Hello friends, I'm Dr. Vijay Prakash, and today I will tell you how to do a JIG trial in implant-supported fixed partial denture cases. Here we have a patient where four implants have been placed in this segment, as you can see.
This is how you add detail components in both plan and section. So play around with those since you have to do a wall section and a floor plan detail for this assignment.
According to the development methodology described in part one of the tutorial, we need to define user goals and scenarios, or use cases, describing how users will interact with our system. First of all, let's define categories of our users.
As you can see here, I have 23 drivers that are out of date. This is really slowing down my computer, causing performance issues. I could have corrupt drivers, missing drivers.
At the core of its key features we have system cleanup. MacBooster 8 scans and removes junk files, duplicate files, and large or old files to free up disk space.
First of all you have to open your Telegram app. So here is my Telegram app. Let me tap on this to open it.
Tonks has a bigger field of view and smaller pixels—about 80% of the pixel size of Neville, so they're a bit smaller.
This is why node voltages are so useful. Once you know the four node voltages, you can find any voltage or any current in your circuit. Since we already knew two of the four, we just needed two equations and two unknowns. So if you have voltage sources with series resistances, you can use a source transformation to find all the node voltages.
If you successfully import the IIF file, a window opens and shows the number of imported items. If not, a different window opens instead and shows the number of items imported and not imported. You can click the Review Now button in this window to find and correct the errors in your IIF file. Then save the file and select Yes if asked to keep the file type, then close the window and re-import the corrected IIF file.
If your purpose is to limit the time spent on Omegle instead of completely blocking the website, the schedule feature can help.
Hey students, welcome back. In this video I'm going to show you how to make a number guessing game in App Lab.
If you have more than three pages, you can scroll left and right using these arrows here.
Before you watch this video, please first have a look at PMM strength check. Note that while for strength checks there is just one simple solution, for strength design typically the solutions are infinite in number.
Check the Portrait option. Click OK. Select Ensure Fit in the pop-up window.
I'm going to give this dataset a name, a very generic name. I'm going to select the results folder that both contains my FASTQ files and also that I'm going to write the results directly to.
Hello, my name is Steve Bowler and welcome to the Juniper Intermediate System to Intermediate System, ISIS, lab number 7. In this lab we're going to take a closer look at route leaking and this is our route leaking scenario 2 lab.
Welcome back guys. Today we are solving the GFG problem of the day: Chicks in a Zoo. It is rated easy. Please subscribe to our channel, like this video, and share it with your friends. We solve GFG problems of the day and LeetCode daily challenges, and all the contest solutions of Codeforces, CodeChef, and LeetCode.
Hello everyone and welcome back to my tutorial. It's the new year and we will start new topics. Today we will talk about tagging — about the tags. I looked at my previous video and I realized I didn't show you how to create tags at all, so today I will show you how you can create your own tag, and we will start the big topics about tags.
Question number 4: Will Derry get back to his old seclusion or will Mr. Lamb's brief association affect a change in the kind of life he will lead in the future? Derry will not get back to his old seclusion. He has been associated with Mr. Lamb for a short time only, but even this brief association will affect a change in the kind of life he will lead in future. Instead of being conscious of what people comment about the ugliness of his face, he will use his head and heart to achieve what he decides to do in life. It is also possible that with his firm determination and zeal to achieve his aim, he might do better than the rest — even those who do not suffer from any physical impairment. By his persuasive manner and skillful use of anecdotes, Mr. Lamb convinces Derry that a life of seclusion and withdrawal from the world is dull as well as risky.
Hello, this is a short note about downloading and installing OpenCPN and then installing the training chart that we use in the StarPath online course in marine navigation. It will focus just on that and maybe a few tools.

PROBLEM TO SOLVE
Return only the number of lines in the preceding records that contain the string "find".

RESPONSE AREA
2